Xsplit, on the other hand, exchanges a bit more user friendliness and intuitiveness for processor load, but is one of the most widely-used programs by streamers today. Easy to set up, configurable for up to twelve, pre-set layouts at a time, and fairly flexible in regards to settings tweaks and input sources, Xsplit can be a powerful tool once you get into it. Unfortunately, access to many of Xsplit's features also requires you to pay for a license, which may not be in everyone's budget, especially not a streamer just starting out. Licensing options have, thankfully, seen a recent increase in choices, with a three month package now available for the fairly reasonable price of $14.95, so it's not too terrible on the wallet to see if the full access to Xsplit is right for you.
Adobe's Flash Media Live Encoder, formerly and still somewhat popularly known as just Flash Media Encoder, was the go-to, free choice for many starting streamers prior to Xsplit's beta period, and is decent for a free piece of software. It can be a bit clumsy at times and isn't the best out there, but is a decent choice for those looking for a fairly easy, quick way to get set up and give streaming a try. To be fair, though, OBS has pretty much eclipsed FMLE in popularity and usefulness, and nowadays, you're more likely to find people willing and able to help you get started with the former rather than the latter.

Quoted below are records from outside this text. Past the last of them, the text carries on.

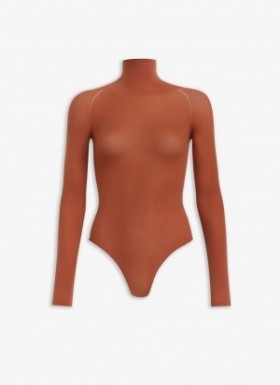  Alaia Second Skin Örgü Body Body Kadın Camel Türkiye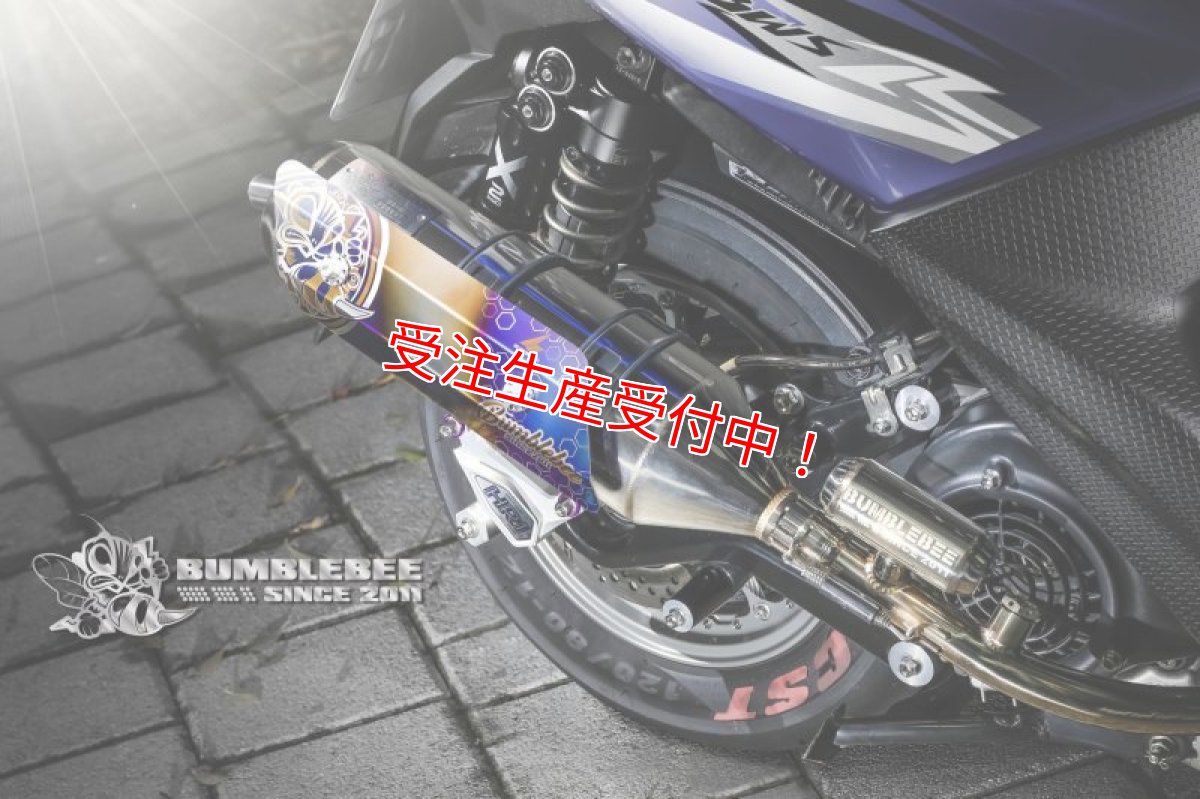 画像4: Bumblebee HR1 [シグナスX・BW'S125][125cc〜158cc用]（ストレート/直通静音）（ヒートガード 有/無） (4)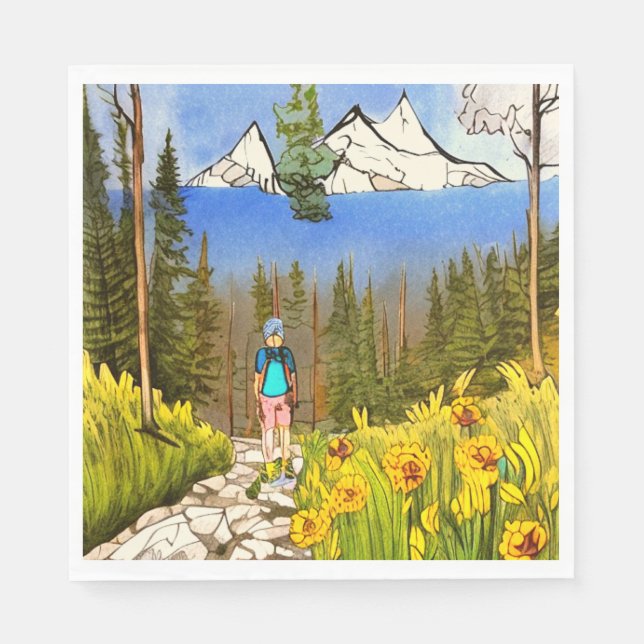 Wilderness Hike Napkin (Front)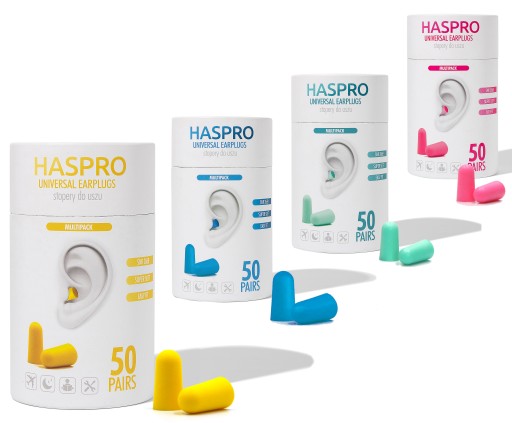 Стопперы Haspro Super Soft Giga Tube 50 пар розовые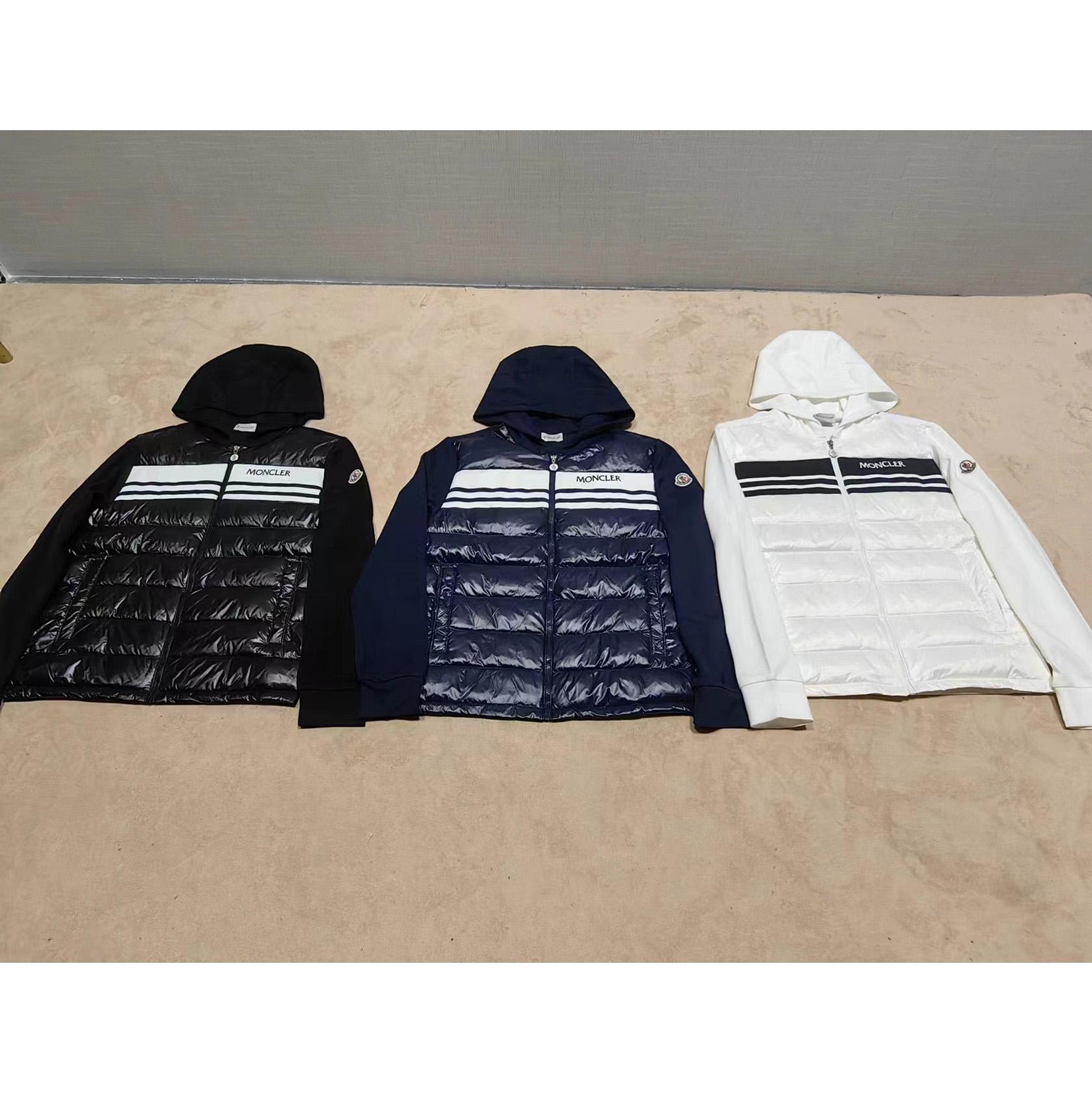 Moncler Zip Hooded Padded Cardigan - FashionPlug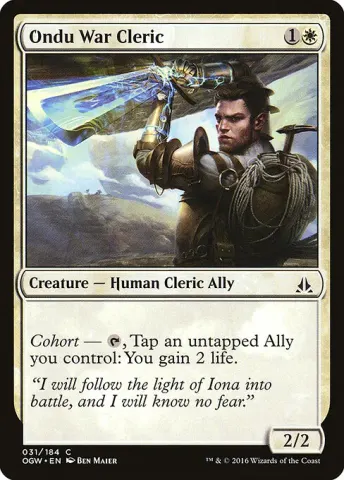 Ondu War Cleric · 31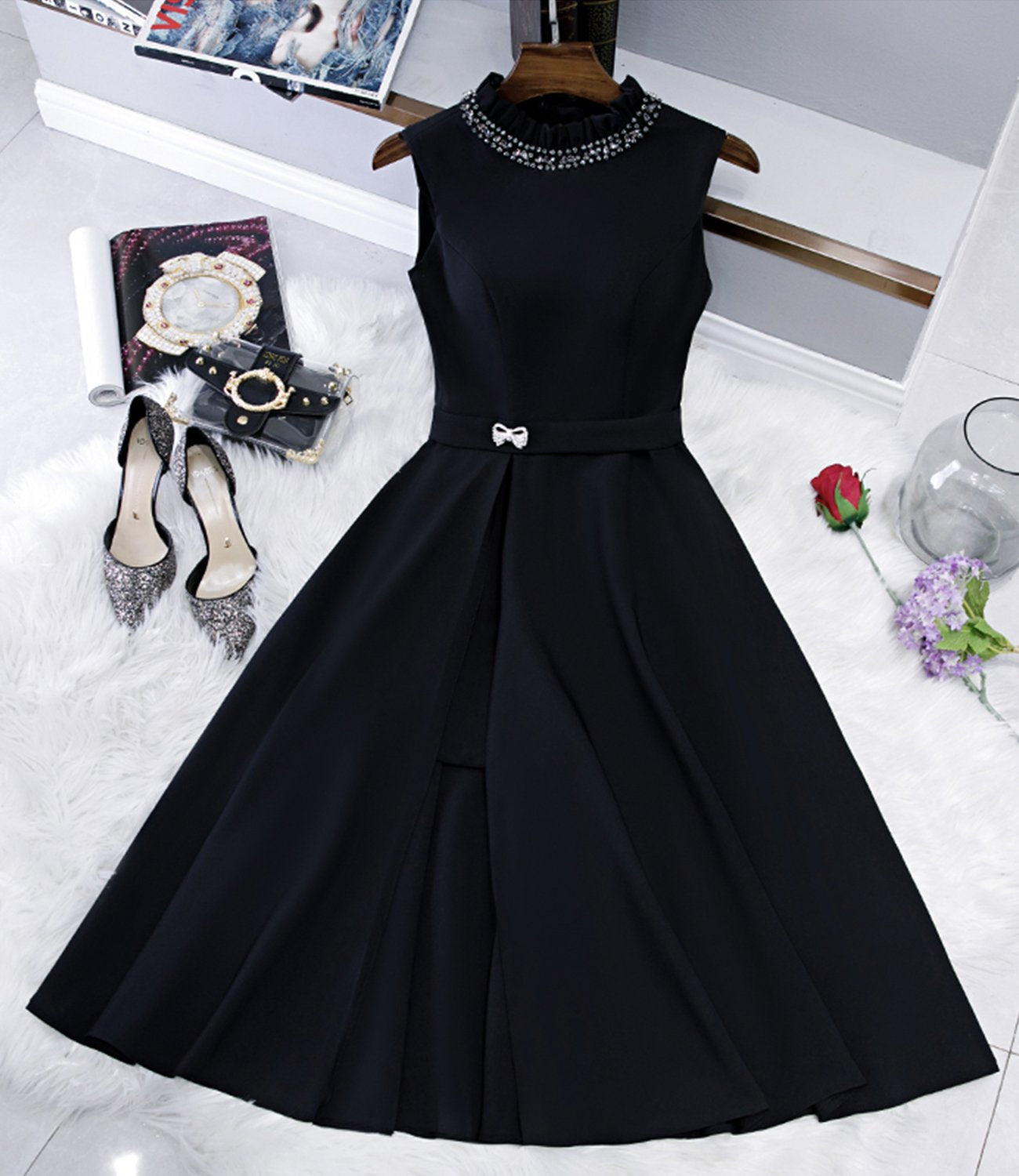 BLACK A LINE Homecoming Dresses Ryleigh SHORT CD18257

And finally, there's Wirecast, the big daddy of streaming software. Geared toward professional production, Wirecast encompasses several encoding formats, all sorts of hardware and input options, and gives you access to production tools on the fly. However, all this power comes at a price, with the base version ringing in at $495.00, and the full, Pro edition tacking another $500 onto that. If you're made of money, feel free to check out the free trial offered on their site to see if Wirecast is for you, but consider yourself warned.
Now that you've got streaming software, how to you put your face and your games on the interbutts? Well, signing up for an account at Twitch.tv would be a good first step, though if you're already watching enough streamed content to be interested in streaming, you've probably done so already. From there, it's just a matter of capturing content and slapping your webcam over or next to it with whatever software you're using, for which there are plenty of tutorials, some of which are provided by the software outlets themselves. Alternatively, you can search for "how to set up <streaming software here>" and find a wealth of tutorials covering everything you may need to know. It doesn't hurt to try a few test streams before going "officially" live with your channel, to work out any technological kinks and make sure everything looks and sounds to your liking.
When it comes to streaming PC games, streaming software is pretty accomodating. Many games are supported by in-program "game source" capturing, which pulls the video straight from the game to your stream. Failing that, you can just set a screen region encompassing the area covered by the game's window, or your desktop if you're playing full-screen. Please note that it's a bit easier on your hardware to play games in windowed mode, and you may have to tweak the game's video settings down a bit for optimal performance with streaming software running. Playing in windowed mode also makes it easier to manage your streaming window and anything else you may be juggling while live, especially if you're limited to one monitor's worth of space. A dual monitor setup is probably optimal, as the secondary monitor can provide a convenient home for your stream window, as well as for a window bearing the stream chat, making interaction that much easier. If you have a laptop or tablet, that will make chat interaction even easier, as you can keep your Twitch.tv dashboard open on that for interaction purposes, leaving your main computer responsible for streaming alone.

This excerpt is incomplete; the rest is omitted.